= About this exercise =
Exactly as written, print out each entry in the data, with no pictures.

= Data listing =
+ + + + +
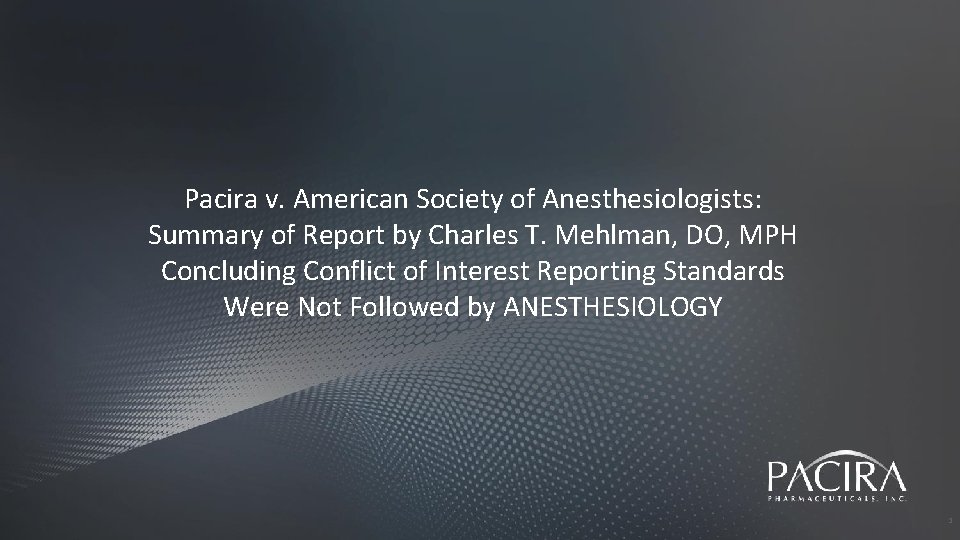 Pacira v. American Society of Anesthesiologists: Summary of Report by Charles T. Mehlman, DO,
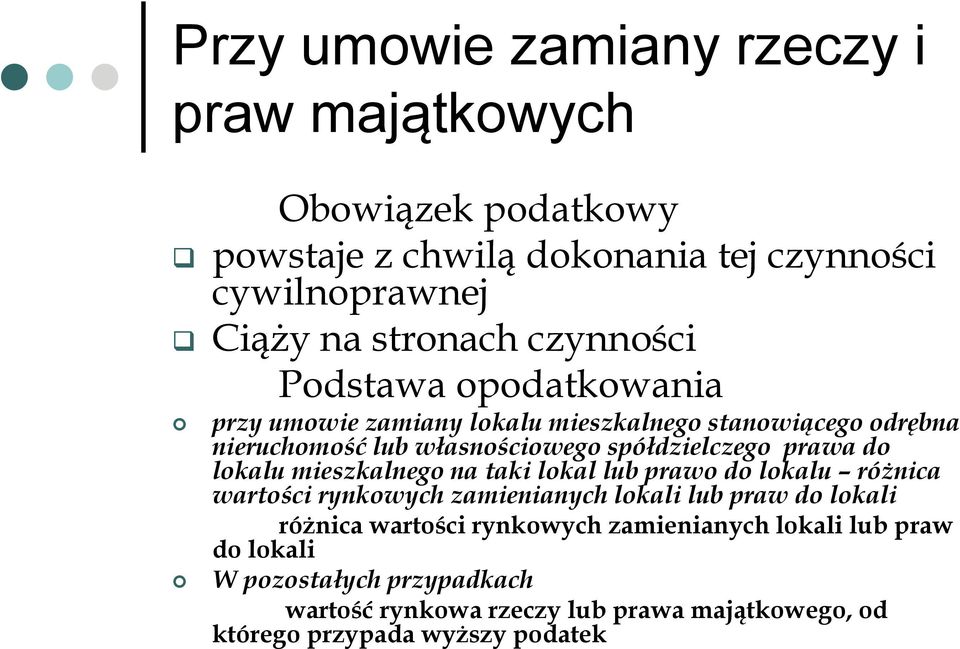 prawa do lokalu mieszkalnego na taki lokal lub prawo do lokalu różnica wartości rynkowych zamienianych lokali lub praw do lokali różnica wartości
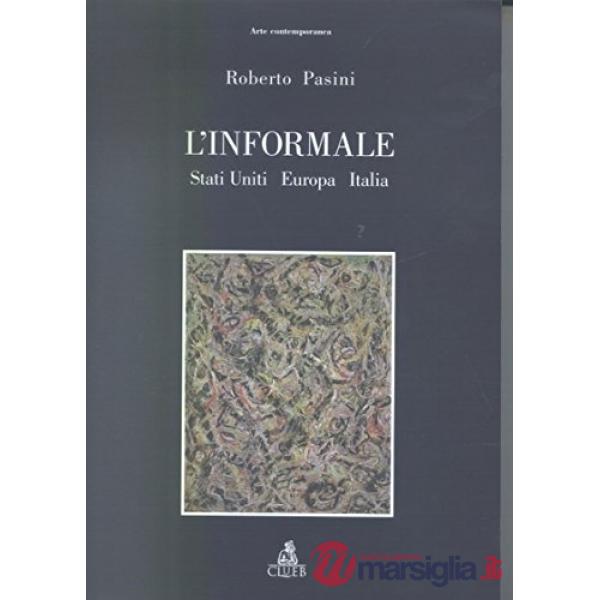 Informale. Stati Uniti Europa Italia (L')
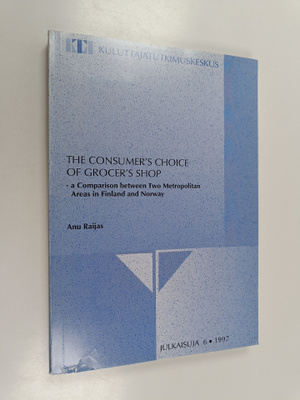 Anu Raijas : The Consumer's Choice of Grocer's Shop - A C...
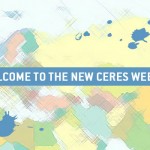 Photo of map with artistic splotches that reads "Welcome to the new CERES website"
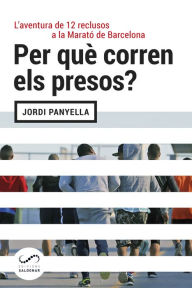 Title: Per què corren els presos?: L'aventura de dotze reclusos a la Marató de Barcelona, Author: Jordi Panyella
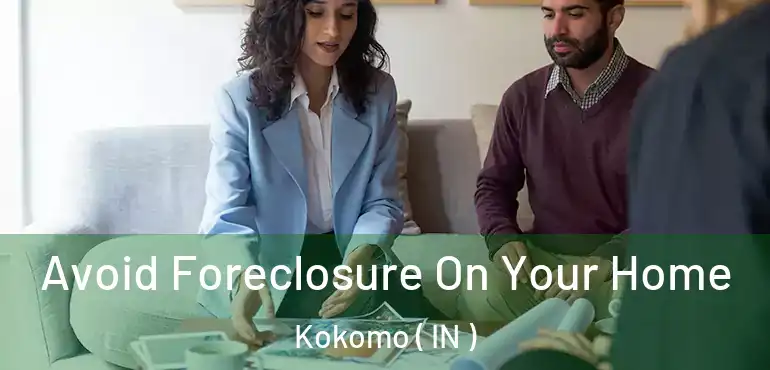  Avoid Foreclosure On Your Home Kokomo ( IN )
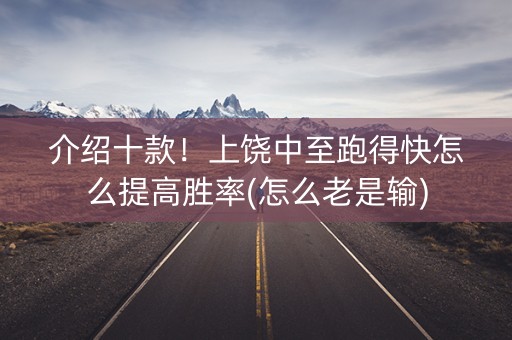 介绍十款！上饶中至跑得快怎么提高胜率(怎么老是输)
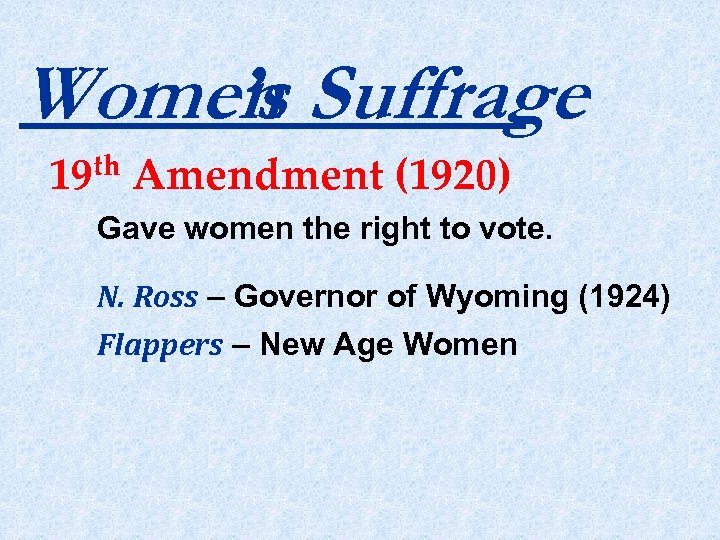 Women Suffrage ’s th 19 Amendment (1920) Gave women the right to vote. N.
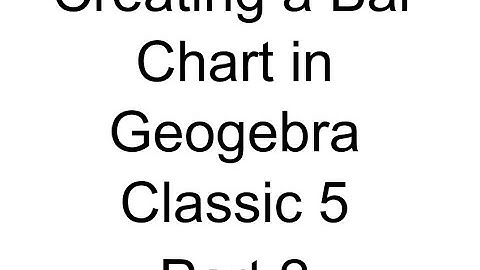 Creating a Bar Chart in Geogebra Classic 5 part 2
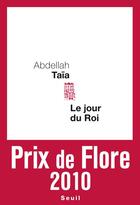 Couverture du livre « Le jour du roi » de Abdellah Taïa aux éditions Seuil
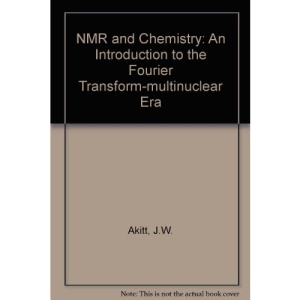 NMR and Chemistry: An Introduction to the Fourier Transform-multinuclear Era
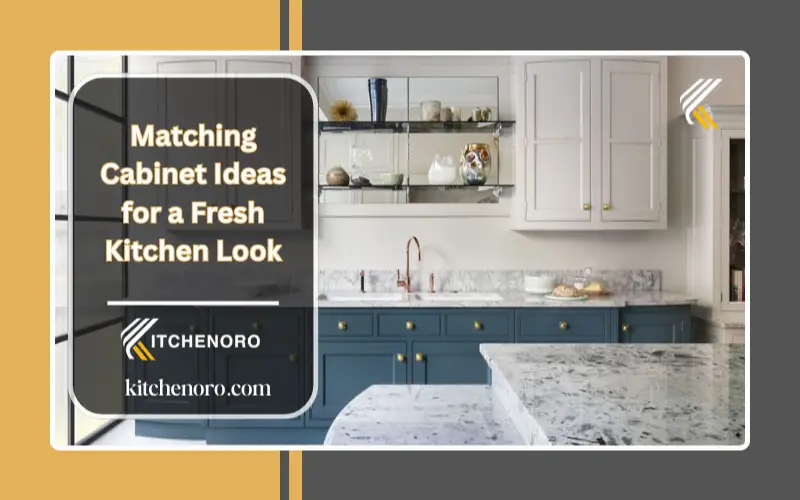 Matching Cabinet Ideas for a Fresh Kitchen Look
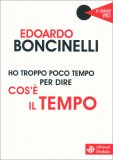 Ho Troppo Poco Tempo per Dire Cos'è Il Tempo — Libro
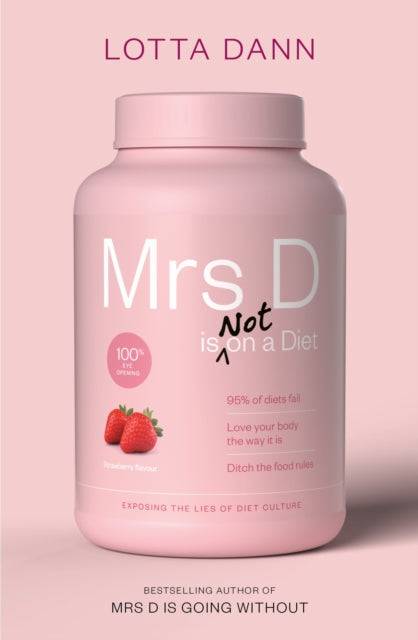 Mrs D Is Not On A Diet By Dann, Lotta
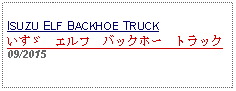 Text Box: ISUZU ELF BACKHOE TRUCKいすゞ　エルフ　バックホー　トラック09/2015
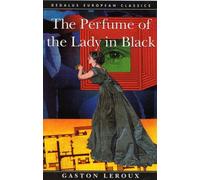 The Perfume Of The Lady In Black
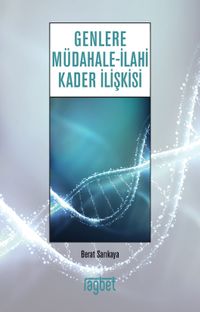 Genlere Müdahale - İlahi Kader İlişkisi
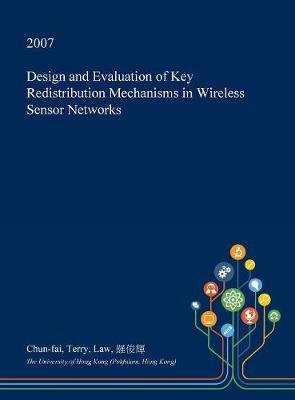 Design and Evaluation of Key Redistribution Mechanisms in Wireless Sensor Networks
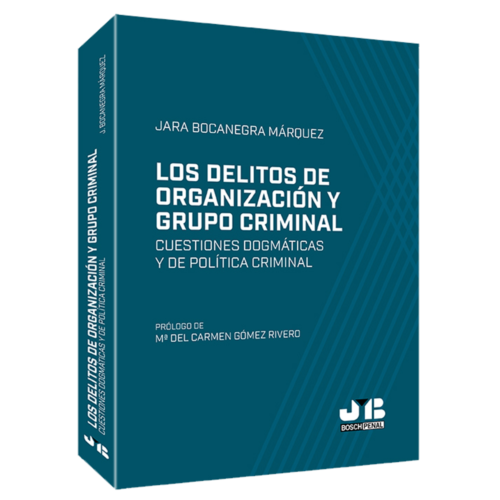 Los delitos de organización y grupo criminal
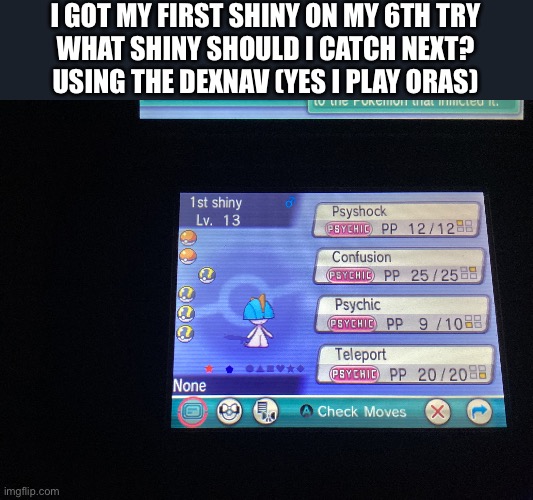 I GOT MY FIRST SHINY ON MY 6TH TRY
WHAT SHINY SHOULD I CATCH NEXT?
USING THE DEXNAV (YES I PLAY ORAS) | made w/ Imgflip meme maker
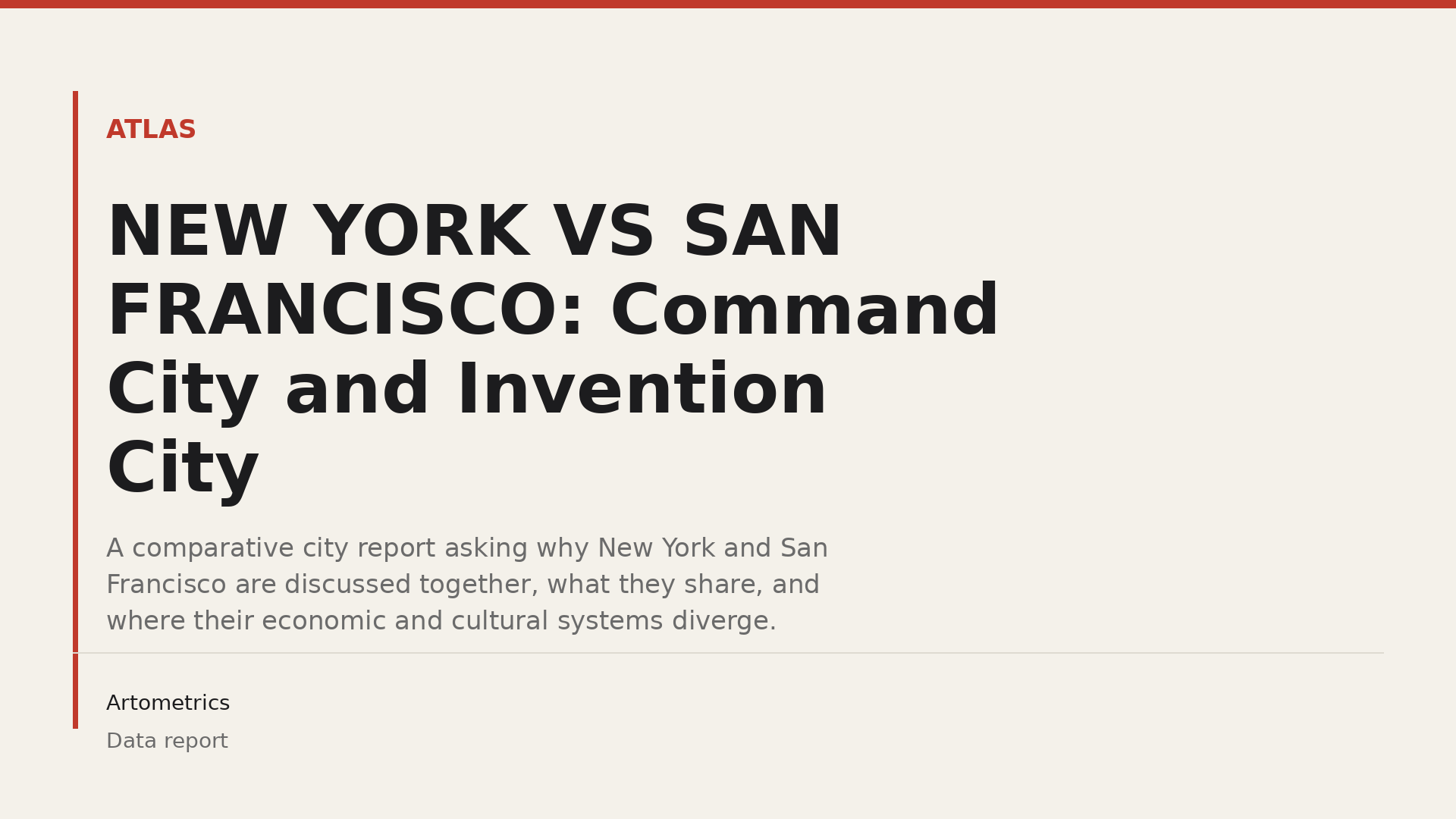 NEW YORK VS SAN FRANCISCO: Command City and Invention City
+ + + + +
= Final answer =
 Pacira v. American Society of Anesthesiologists: Summary of Report by Charles T. Mehlman, DO,
 prawa do lokalu mieszkalnego na taki lokal lub prawo do lokalu różnica wartości rynkowych zamienianych lokali lub praw do lokali różnica wartości
 Informale. Stati Uniti Europa Italia (L')
 Anu Raijas : The Consumer's Choice of Grocer's Shop - A C...
 Photo of map with artistic splotches that reads "Welcome to the new CERES website"
 Title: Per què corren els presos?: L'aventura de dotze reclusos a la Marató de Barcelona, Author: Jordi Panyella
  Avoid Foreclosure On Your Home Kokomo ( IN )
 介绍十款！上饶中至跑得快怎么提高胜率(怎么老是输)
 Women Suffrage ’s th 19 Amendment (1920) Gave women the right to vote. N.
 Creating a Bar Chart in Geogebra Classic 5 part 2
 Couverture du livre « Le jour du roi » de Abdellah Taïa aux éditions Seuil
 NMR and Chemistry: An Introduction to the Fourier Transform-multinuclear Era
 Matching Cabinet Ideas for a Fresh Kitchen Look
 Ho Troppo Poco Tempo per Dire Cos'è Il Tempo — Libro
 Mrs D Is Not On A Diet By Dann, Lotta
 Text Box: ISUZU ELF BACKHOE TRUCKいすゞ　エルフ　バックホー　トラック09/2015
 The Perfume Of The Lady In Black
 Genlere Müdahale - İlahi Kader İlişkisi
 Design and Evaluation of Key Redistribution Mechanisms in Wireless Sensor Networks
 Los delitos de organización y grupo criminal
 I GOT MY FIRST SHINY ON MY 6TH TRY
WHAT SHINY SHOULD I CATCH NEXT?
USING THE DEXNAV (YES I PLAY ORAS) | made w/ Imgflip meme maker
 NEW YORK VS SAN FRANCISCO: Command City and Invention City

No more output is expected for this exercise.